▸ ABOUT THIS EXERCISE
Could all of the entries be written out exactly, with any pictures omitted?

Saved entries
☆ ☆ ☆
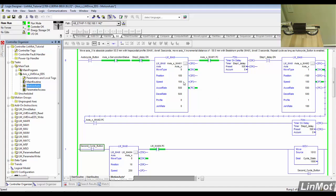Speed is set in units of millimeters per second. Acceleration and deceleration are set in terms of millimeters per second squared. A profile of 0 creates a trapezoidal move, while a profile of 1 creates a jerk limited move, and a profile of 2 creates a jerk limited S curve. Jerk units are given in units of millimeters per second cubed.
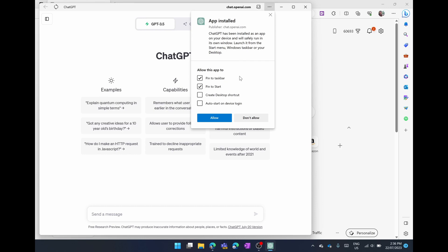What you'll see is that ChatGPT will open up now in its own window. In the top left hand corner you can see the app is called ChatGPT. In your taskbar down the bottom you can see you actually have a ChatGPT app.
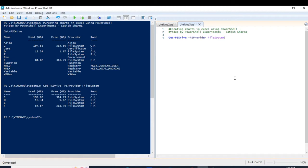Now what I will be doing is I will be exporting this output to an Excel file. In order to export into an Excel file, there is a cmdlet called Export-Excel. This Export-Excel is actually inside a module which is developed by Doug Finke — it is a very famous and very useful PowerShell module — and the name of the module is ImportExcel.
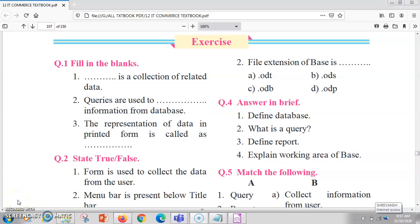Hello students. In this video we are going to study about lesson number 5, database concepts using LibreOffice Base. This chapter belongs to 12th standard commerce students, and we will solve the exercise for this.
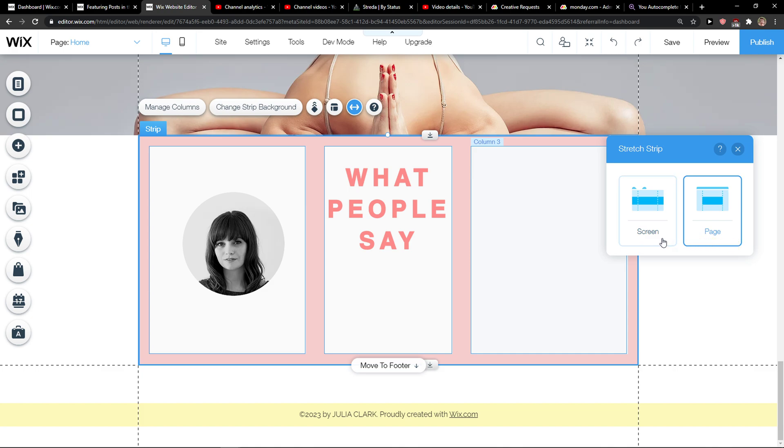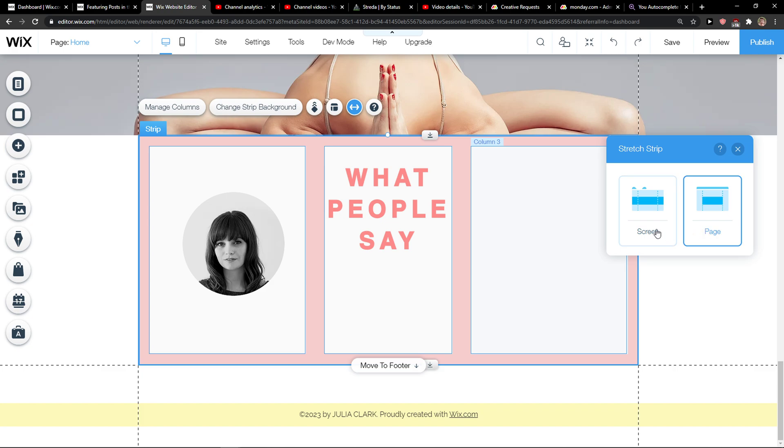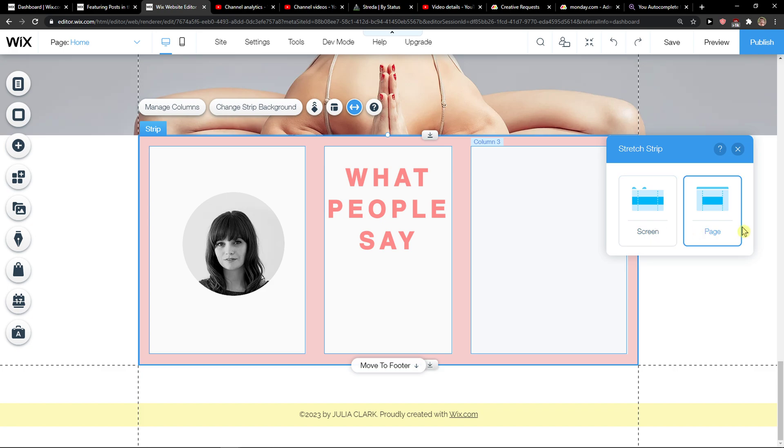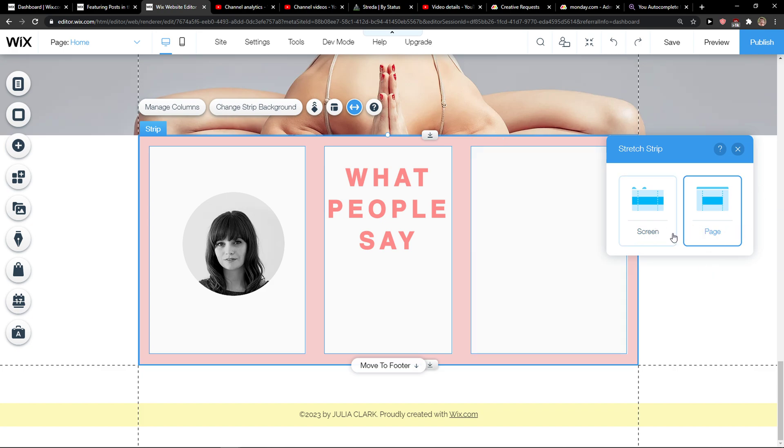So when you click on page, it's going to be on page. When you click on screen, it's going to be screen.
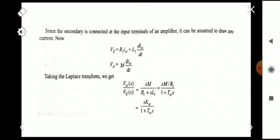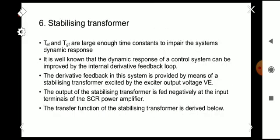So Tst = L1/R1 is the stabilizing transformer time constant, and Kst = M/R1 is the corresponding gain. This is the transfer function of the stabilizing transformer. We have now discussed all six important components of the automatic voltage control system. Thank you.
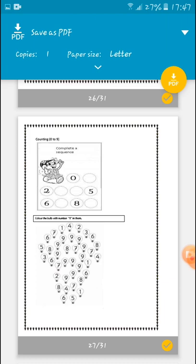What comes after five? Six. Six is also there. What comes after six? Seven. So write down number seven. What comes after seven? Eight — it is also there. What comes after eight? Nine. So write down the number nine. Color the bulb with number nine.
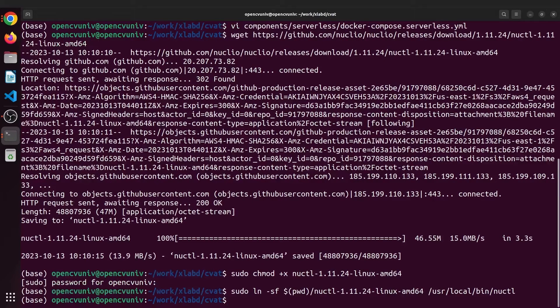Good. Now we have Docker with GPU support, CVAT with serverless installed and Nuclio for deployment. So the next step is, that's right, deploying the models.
☆ ☆ ☆
▸ TASK OUTPUT
Speed is set in units of millimeters per second. Acceleration and deceleration are set in terms of millimeters per second squared. A profile of 0 creates a trapezoidal move, while a profile of 1 creates a jerk limited move, and a profile of 2 creates a jerk limited S curve. Jerk units are given in units of millimeters per second cubed.
What you'll see is that ChatGPT will open up now in its own window. In the top left hand corner you can see the app is called ChatGPT. In your taskbar down the bottom you can see you actually have a ChatGPT app.
Now what I will be doing is I will be exporting this output to an Excel file. In order to export into an Excel file, there is a cmdlet called Export-Excel. This Export-Excel is actually inside a module which is developed by Doug Finke — it is a very famous and very useful PowerShell module — and the name of the module is ImportExcel.
Hello students. In this video we are going to study about lesson number 5, database concepts using LibreOffice Base. This chapter belongs to 12th standard commerce students, and we will solve the exercise for this.
So when you click on page, it's going to be on page. When you click on screen, it's going to be screen.
So Tst = L1/R1 is the stabilizing transformer time constant, and Kst = M/R1 is the corresponding gain. This is the transfer function of the stabilizing transformer. We have now discussed all six important components of the automatic voltage control system. Thank you.
What comes after five? Six. Six is also there. What comes after six? Seven. So write down number seven. What comes after seven? Eight — it is also there. What comes after eight? Nine. So write down the number nine. Color the bulb with number nine.
Good. Now we have Docker with GPU support, CVAT with serverless installed and Nuclio for deployment. So the next step is, that's right, deploying the models.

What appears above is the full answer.